03/23/2009 05:12 am ET | Updated May 25, 2011

Scritti Politti: February 20, 2009

If you've spent any time in the Federal bureaucracy - or just a half-hour in the basement of the General Services Administration building - you know: it's not always the most soul nurturing place! Like it or not, there's something about our government's intra-agency Byzantium that tends to beat all of the personality out of its denizens. It's just tough to be a free spirit. That's why I love this set of instructions, that comes via email to anyone who wishes to use the Federal Register listserv, that Ana Marie Cox posted today. It's withering, it's metaphoric...it just has a real live pulse of humanity.

An excerpt:

To send a message to all the people currently subscribed to the list, just send mail to FEDREGTOC-L@LISTSERV.ACCESS.GPO.GOV. This is called "sending mail to the list," because you send mail to a single address and LISTSERV makes copies for all the people who have subscribed. This address (FEDREGTOC-L@LISTSERV.ACCESS.GPO.GOV) is also called the "list address." You must never try to send any command to that address, as it would be distributed to all the people who have subscribed....It is very important to understand the difference between the two, but fortunately it is not complicated.

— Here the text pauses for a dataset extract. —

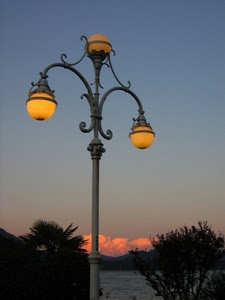 lampione, alberi, nuvole, cielo, tramonto, acqua, tre, palo, luci, luce, sfere, lampioni, palle, montagne, palma, lago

The LISTSERV address is like a FAX number that connects you to a machine, whereas the list address is like a normal voice line connecting you to a person. If you make a mistake and dial the FAX number when you wanted to talk to someone on the phone, you will quickly realize that you used the wrong number and call again. No harm will have been done. If on the other hand you accidentally make your FAX call someone's voice line, the person receiving the call will be inconvenienced, especially if your FAX then re-dials every 5 minutes. The fact that most people will eventually connect the FAX machine to the voice line to allow the FAX to go through and make the calls stop does not mean that you should continue to send FAXes to the voice number. People would just get mad at you.

Whoever wrote this, YOU ARE A NATIONAL TREASURE. Please, do not change.

Remember To Define Your Terms: A Talking Points Memo reader offers an important reminder: "Please stop using the highly inaccurate term "nationalization" which connotes permanent government takeover of the banks. The correct term is receivership, which is by definition temporary and a routine staple of our capitalist economy and banking regulatory system."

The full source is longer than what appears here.